By Francesca Hangeior.


The President of the Paediatric Association of Nigeria, Professor Ekanem Ekure has lamented that Nigeria disproportionately accounts for 2.2 million of the 4.4 million zero-dose children in West Africa, the highest in the world.

According to her, only 23 per cent of children were fully immunised according to the Expanded Programme on Immunization schedule in 2021.

She stated this at the Paediatric Association of Nigeria’s Children’s Art Competition on Immunisation to commemorate the 2024 Children’s Day in Lagos.

While expressing concern that Nigeria has the highest under-five mortality rate in the world, the physician lamented that these children are dying from diseases that can be prevented.

She noted, “The statistics of children who have received all the vaccines in the national programme is 23 per cent, which is low. It is not surprising that our under-five mortality rate is so high.

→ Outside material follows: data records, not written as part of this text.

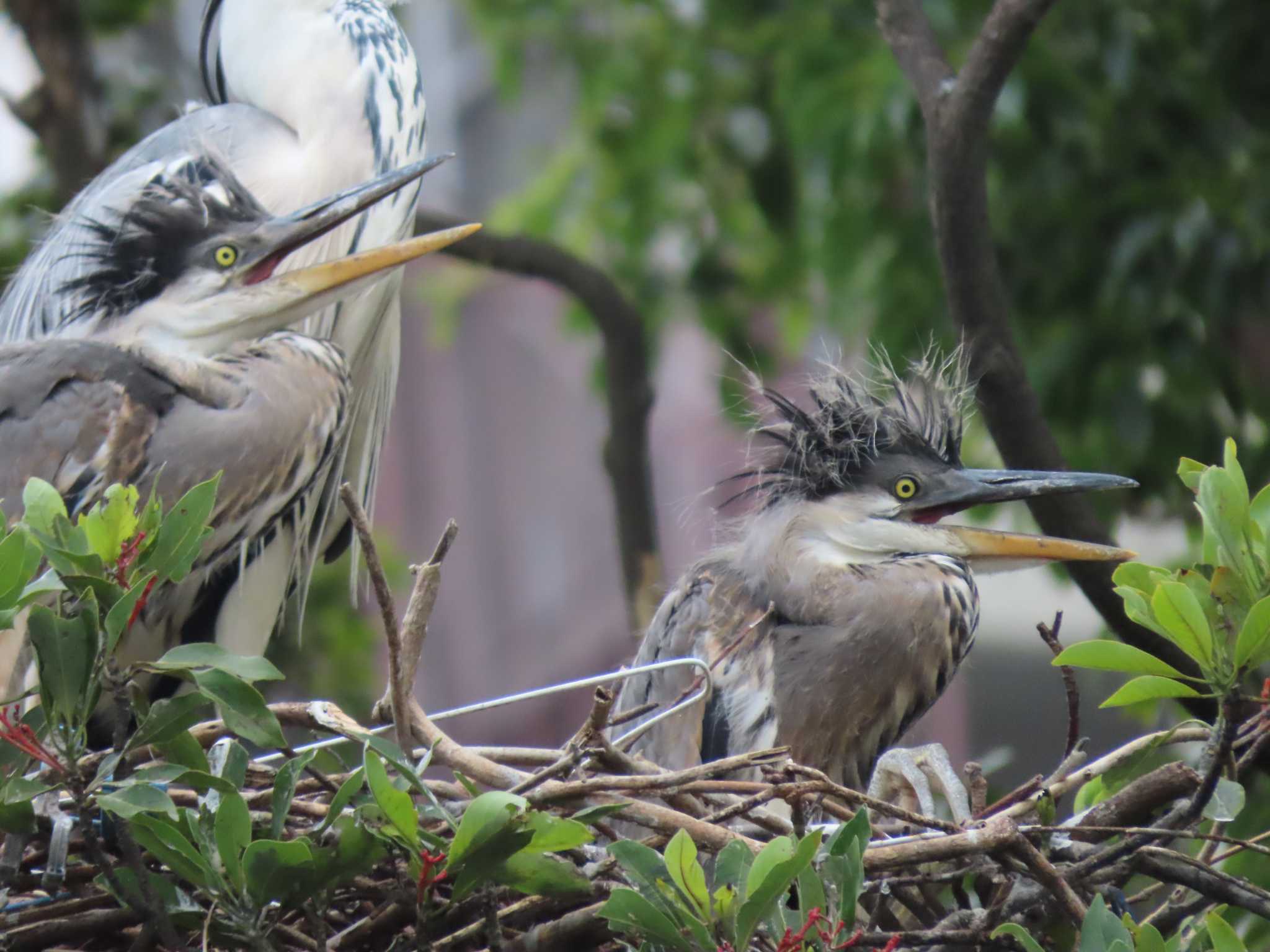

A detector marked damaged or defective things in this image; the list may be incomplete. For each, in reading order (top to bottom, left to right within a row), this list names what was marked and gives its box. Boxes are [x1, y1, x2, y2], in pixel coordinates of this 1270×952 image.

bent wire loop [251, 659, 711, 772]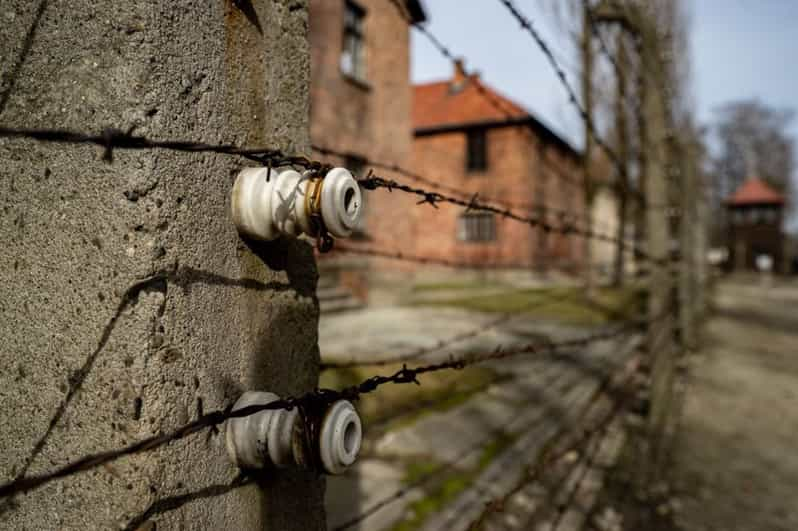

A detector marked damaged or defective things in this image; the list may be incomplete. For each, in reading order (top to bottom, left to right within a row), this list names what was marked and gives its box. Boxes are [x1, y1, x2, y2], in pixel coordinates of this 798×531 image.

rusty barbed wire [0, 320, 644, 502]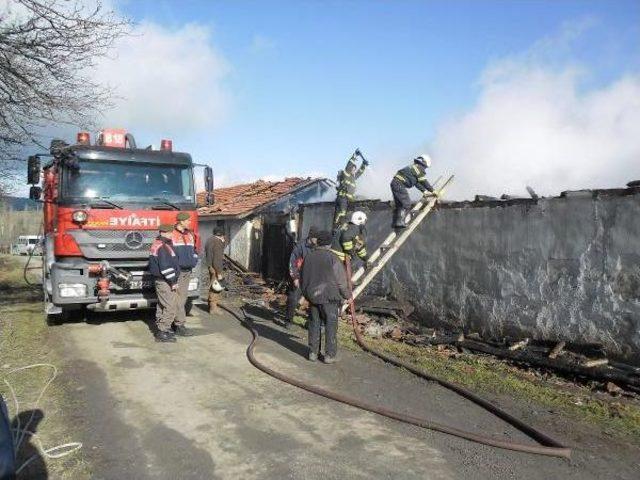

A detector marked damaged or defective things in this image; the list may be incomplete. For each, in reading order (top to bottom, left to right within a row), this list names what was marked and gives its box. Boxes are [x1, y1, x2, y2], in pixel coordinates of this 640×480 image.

damaged roof [196, 177, 328, 218]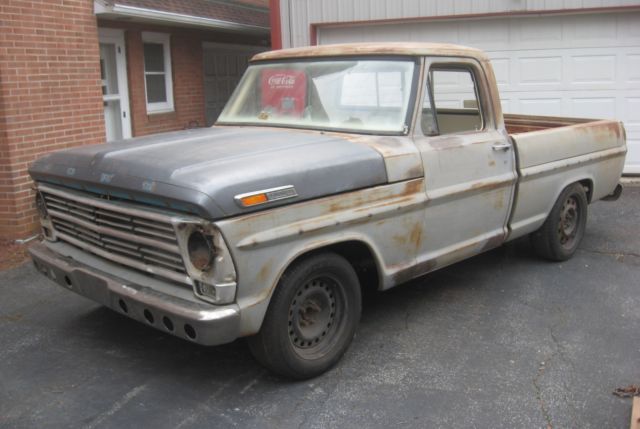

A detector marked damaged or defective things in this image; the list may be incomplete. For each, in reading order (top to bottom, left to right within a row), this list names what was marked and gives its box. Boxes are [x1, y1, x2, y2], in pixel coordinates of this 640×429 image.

rusty truck hood [28, 123, 384, 217]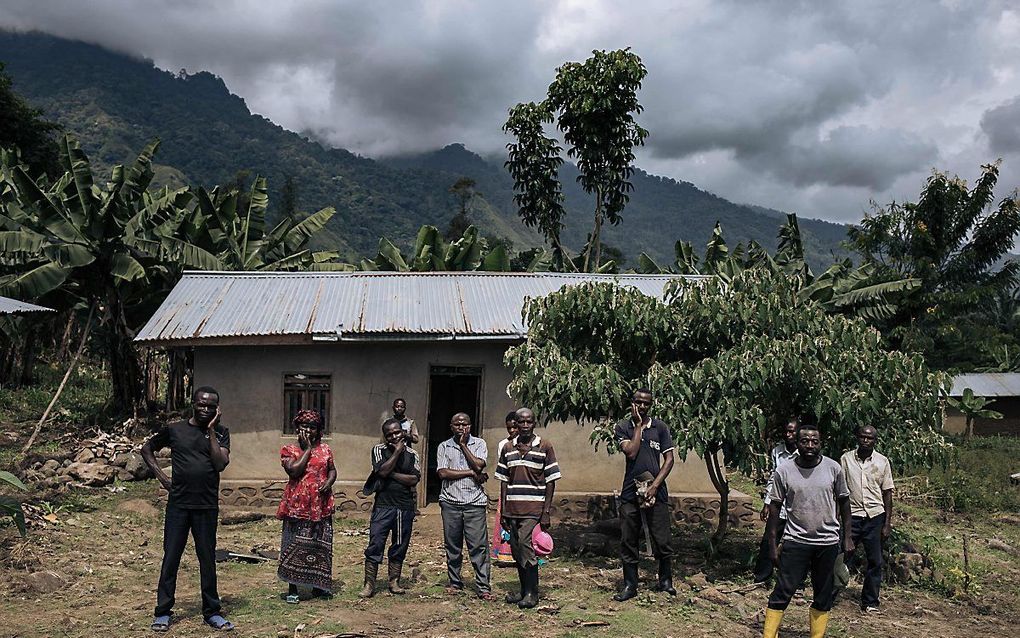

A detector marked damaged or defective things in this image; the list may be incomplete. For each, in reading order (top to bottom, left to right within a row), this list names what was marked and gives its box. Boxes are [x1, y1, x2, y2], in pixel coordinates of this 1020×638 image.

rusty roof sheet [0, 296, 54, 316]
rusty roof sheet [135, 271, 701, 345]
rusty roof sheet [950, 371, 1020, 396]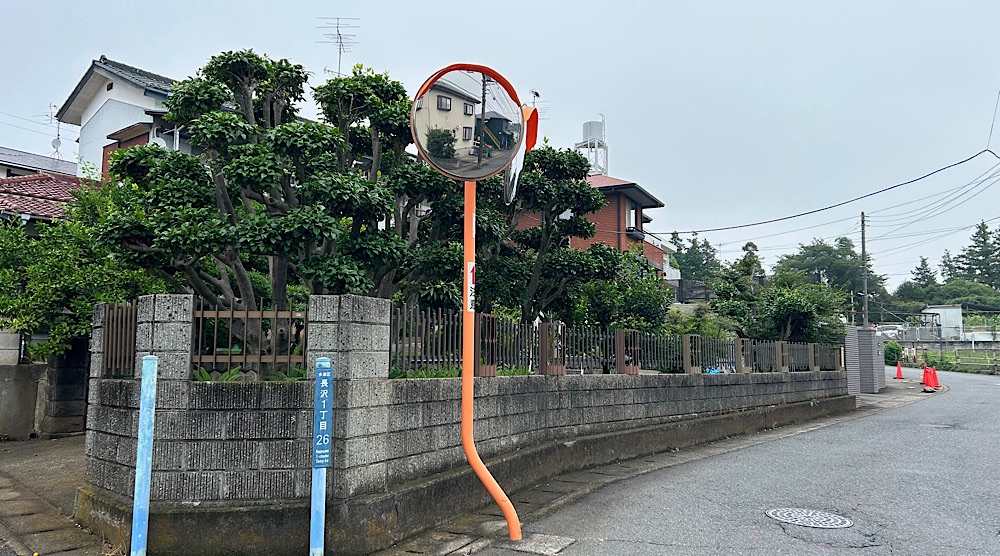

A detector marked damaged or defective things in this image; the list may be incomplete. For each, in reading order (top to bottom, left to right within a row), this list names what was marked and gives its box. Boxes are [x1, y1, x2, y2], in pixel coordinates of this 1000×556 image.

bent pole [462, 178, 524, 540]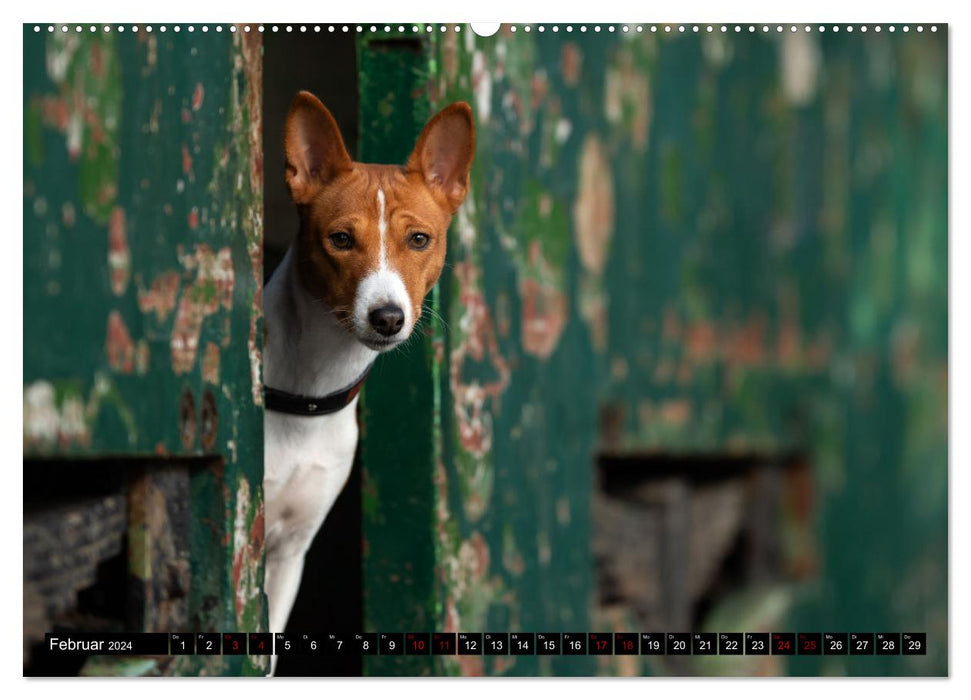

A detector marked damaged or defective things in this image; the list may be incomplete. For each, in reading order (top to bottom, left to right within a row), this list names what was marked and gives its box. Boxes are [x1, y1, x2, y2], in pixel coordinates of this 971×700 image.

rusty orange paint patch [107, 208, 131, 296]
rusty orange paint patch [106, 310, 135, 372]
chipped green paint [24, 24, 266, 676]
chipped green paint [356, 24, 940, 676]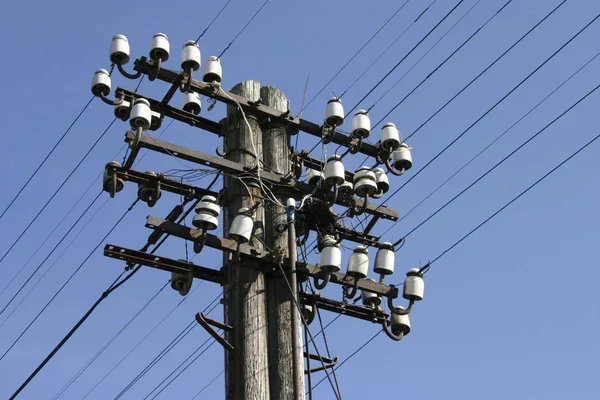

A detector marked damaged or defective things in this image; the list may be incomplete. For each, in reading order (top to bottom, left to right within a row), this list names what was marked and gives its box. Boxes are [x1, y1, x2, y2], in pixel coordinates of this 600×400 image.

“We have the highest under-five mortality rate in the world, and unfortunately, these children are dying from diseases that can be prevented, for which the government has made vaccines available for free.

“Zero-dose children are children who have not received any immunisation. West Africa has 4.4 million zero-dose children, and Nigeria has 2.2 million zero-dose children, which is very sad.

“The top areas where those zero-dose children tend to be more located are the urban slums, conflict areas, and remote and hard-to-reach communities in Nigeria. So, a lot has to be done to reach these children in those communities to ensure that they receive these immunisations.”

She noted that traditional assessments miss a child’s creativity, adding that they launched the competition to let children express the importance of immunisation through art.

The physician said the children harnessed their creativity to express the importance of health and well-being through their beautiful artwork.